* _TASK REQUIREMENTS_: Which lines run from the line containing "Eye #7 - Wooden Wall Decor" through the end of the records below? Reproduce them exactly, and nothing else.

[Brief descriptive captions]
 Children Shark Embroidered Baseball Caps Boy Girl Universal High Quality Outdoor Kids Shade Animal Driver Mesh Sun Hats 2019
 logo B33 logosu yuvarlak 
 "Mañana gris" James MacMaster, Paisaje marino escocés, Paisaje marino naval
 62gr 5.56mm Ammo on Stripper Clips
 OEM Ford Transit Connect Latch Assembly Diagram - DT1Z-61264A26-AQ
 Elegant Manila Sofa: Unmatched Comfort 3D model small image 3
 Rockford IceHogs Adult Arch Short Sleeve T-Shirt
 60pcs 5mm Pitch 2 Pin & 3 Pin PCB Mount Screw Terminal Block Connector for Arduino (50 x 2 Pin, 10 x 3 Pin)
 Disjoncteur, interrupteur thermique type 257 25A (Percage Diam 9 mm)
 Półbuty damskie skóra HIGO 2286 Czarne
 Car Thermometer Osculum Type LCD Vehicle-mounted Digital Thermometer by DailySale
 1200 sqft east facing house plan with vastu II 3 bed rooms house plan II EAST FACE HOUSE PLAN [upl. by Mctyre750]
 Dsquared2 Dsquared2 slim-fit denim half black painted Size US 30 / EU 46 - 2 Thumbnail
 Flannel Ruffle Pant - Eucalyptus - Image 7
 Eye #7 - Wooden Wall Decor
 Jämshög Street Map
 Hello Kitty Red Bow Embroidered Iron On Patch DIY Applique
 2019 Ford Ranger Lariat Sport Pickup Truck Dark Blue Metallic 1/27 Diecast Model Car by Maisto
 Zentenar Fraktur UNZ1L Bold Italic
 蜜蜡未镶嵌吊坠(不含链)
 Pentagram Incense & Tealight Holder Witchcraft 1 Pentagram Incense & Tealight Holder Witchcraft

* _REPLY_:
 Eye #7 - Wooden Wall Decor
 Jämshög Street Map
 Hello Kitty Red Bow Embroidered Iron On Patch DIY Applique
 2019 Ford Ranger Lariat Sport Pickup Truck Dark Blue Metallic 1/27 Diecast Model Car by Maisto
 Zentenar Fraktur UNZ1L Bold Italic
 蜜蜡未镶嵌吊坠(不含链)
 Pentagram Incense & Tealight Holder Witchcraft 1 Pentagram Incense & Tealight Holder Witchcraft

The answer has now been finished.